## Data records
============

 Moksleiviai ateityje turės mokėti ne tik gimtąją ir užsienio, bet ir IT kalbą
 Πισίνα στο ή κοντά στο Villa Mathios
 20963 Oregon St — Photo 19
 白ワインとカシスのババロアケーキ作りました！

============

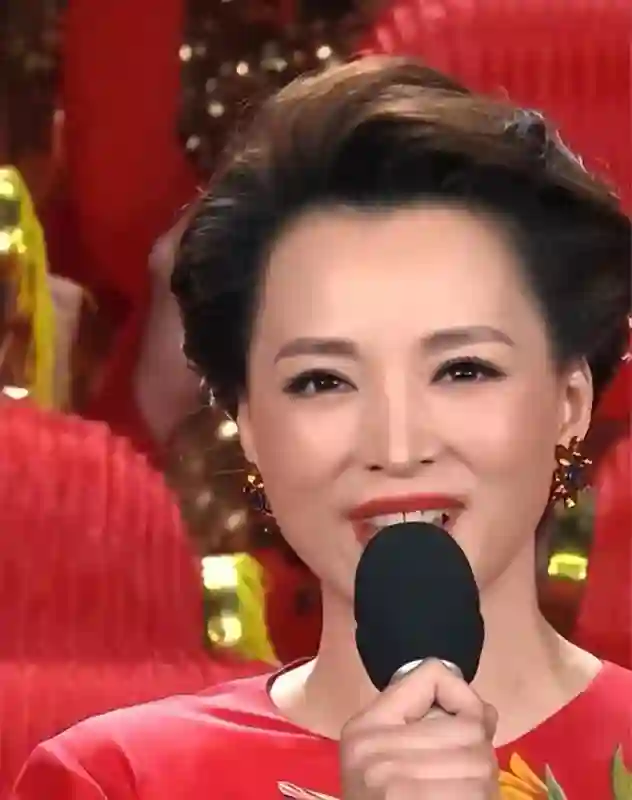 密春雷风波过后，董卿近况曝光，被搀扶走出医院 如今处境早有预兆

============

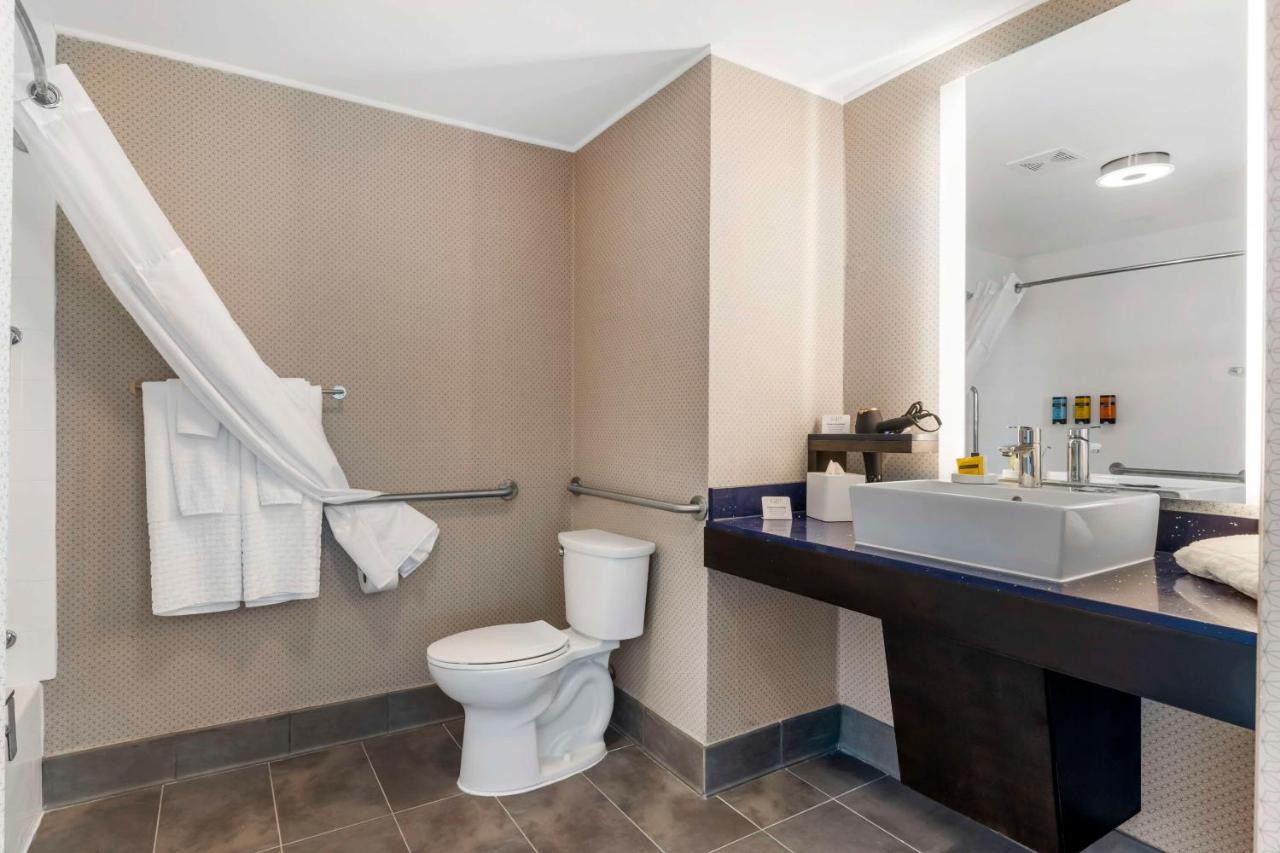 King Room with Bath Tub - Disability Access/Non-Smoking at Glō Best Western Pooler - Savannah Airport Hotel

============

## Task statement
Exact duplication is required for the lines above, from the line that contains "Moksleiviai ateityje turės" to the line that contains "白ワインとカシスのババロアケーキ作りました！", inclusive; omit all others.

## Answer to the exercise
 Moksleiviai ateityje turės mokėti ne tik gimtąją ir užsienio, bet ir IT kalbą
 Πισίνα στο ή κοντά στο Villa Mathios
 20963 Oregon St — Photo 19
 白ワインとカシスのババロアケーキ作りました！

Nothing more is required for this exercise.